When asked if the downward economy and stock-market trends of 2002 affected tax preparation, Wichert said: “I haven’t really seen too much affect on that other than interest income and capital-gain incomes are down. That’s because people haven’t earned the kind of money they used to on their investments.”
One caution was voiced by Dahlstrom as tax payers begin the new year.
“I think people need to be aware that the IRS is looking at increasing compliance to tax laws in the near future both at the state and federal level,” he said.
“They’ve gotten away from it in the last six to seven years. But I think there’s some abuse, and they’re trying to see if, in fact, that’s the case. I’ve recently read where the state is looking at trying to collect on back taxes and looking at non-reporting of income tax.”
Tax planning for 2002 isn’t something to start today-it should have been implemented at least a year ago.
But that means now is the time to get a financial plan in order to be prepared to handle investments and tax issues on 2003 tax returns.
“You start talking about tax issues, and everybody wants to save money on taxes,” said Andy Shewey, financial advisor with American Express Financial Advisors in Hillsboro.
“After the markets have gone sideways and down for three years, people start getting frustrated,” Shewey said. “They’re not comfortable because all at once, things aren’t going forward, they’re going backwards.”
In order to be prepared for next year’s taxes and have a financial plan for investments, tax payers can contact a financial advisor to get help on at least three different levels.
These levels can be categorized as transactional, consultative and partnering.
At the transactional level, an individual’s investment portfolio is reviewed and an advisory fee is not charged.
They want to do some basic planning, Shewey said. “So you plan how you can diversify and develop some tax strategy.
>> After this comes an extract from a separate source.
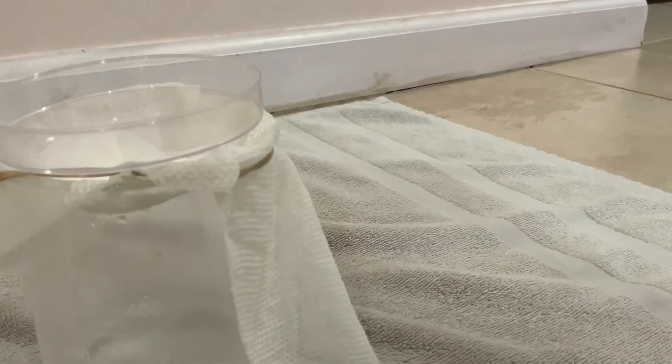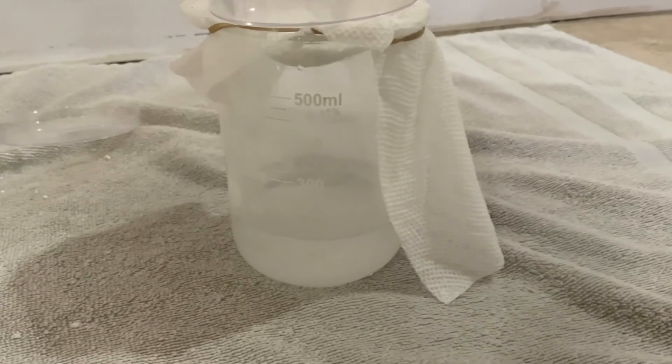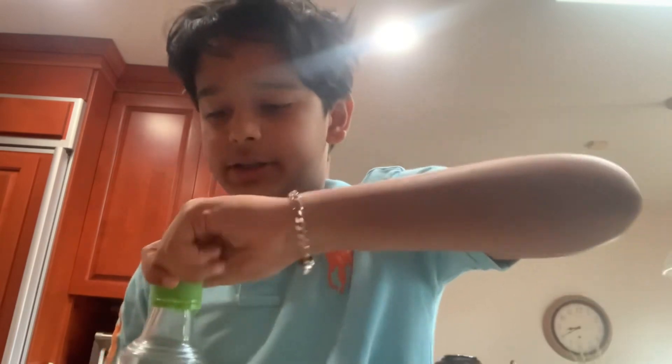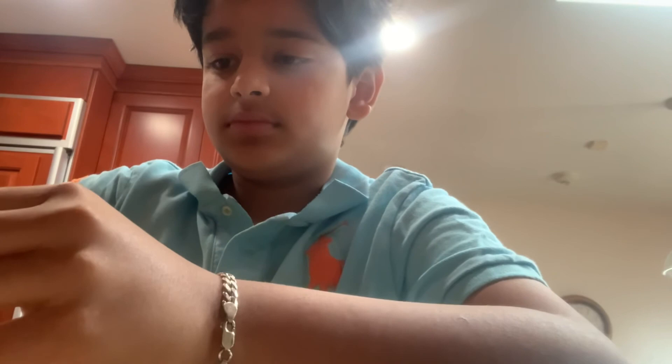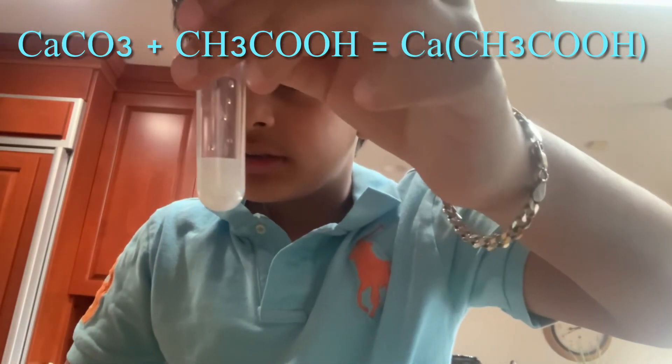I'm going to look at the reaction — it's right on this paper. Baking soda plus calcium chloride equals calcium carbonate. You can tell baking soda is basically sodium bicarbonate and this turns it into calcium carbonate. I took a little bit of calcium carbonate to see if it's really calcium carbonate and put vinegar on it. And it should react. And it's fizzing!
But you really don’t know the entire situation and what they want to accomplish.”
The advisor makes suggestions to invest money and doesn’t charge a planning fee but earns a commission from the investment.
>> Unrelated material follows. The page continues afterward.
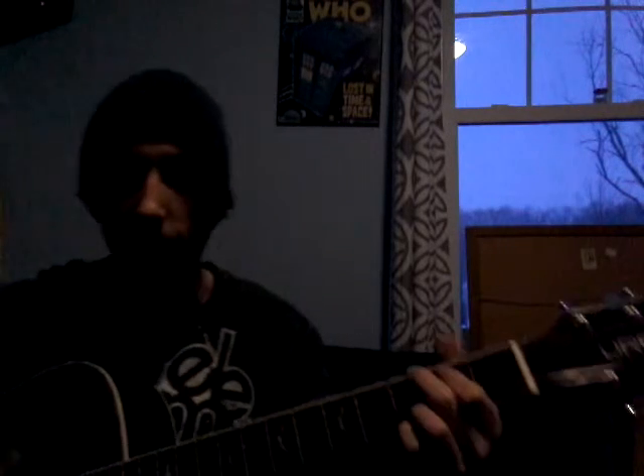Hi everyone, it's Kyle Cato back with another acoustic filter. We're gonna be doing another quick one — Pearl Jam, Last Kiss. I know they covered it, but I'm sure the song they covered is the same chords or relatively the same. Anyway, four chords, really easy if you know them.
At the consultative level, a financial plan is developed and there is an advisory fee for financial analysis and advice.
The client and advisor usually meet once or twice a year to review the financial plan. And the plan is updated every two to four years.
“When I get into financial planning, we focus on goals which can also include planning for retirement, college and reducing their taxes,” Shewey said.
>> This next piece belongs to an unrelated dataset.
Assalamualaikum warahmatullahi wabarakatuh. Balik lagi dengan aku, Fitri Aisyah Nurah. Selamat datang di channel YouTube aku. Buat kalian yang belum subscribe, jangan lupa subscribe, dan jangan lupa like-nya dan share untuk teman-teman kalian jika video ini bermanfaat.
At a more concentrated level, partnering is fee-based planning on an annual basis.
“But I want to be careful that people understand that every time they walk in the door, they’re not charged a fee,” Shewey said.
“I still meet with people on a regular basis, but they don’t get charged when they come in and review things. Where a fee is involved is if we do some level of planning.”
Shewey said financial planning in 2002 was affected by the investment environment in general. And of particular concern was the fluctuations in the stock market.
His advice to his clients during these times depends on each individual’s situation and.
He may advise his clients to keep their financial plan as is, to make some minor changes or to cash out their investments.
“On the one end, we’re not doing anything different because the markets have been so awkward that we don’t want to bail out,” Shewey said.
“In the middle ground, we’re doing things more conservatively, or we’re diversifying more. Which sometimes means real-estate investments or a true-fixed account.” Or the clients agree to wait until their investment has regained its original value before doing anything with it.
At the extreme end, if clients need the money, they may have to turn their investment into cash.
“If they need the money, we just have to make some tough decisions about which investments need to be withdrawn,” Shewey said.
And for 2003, consulting a financial advisor can mean being better prepared when taxes roll around once again next year at this time.
A financial plan gives the tax payer direction, Shewey said.
“And that’s what planning is all about-if there’s a way to save you tax money on your investments,” he said.
“Can we do some things to help you get there?”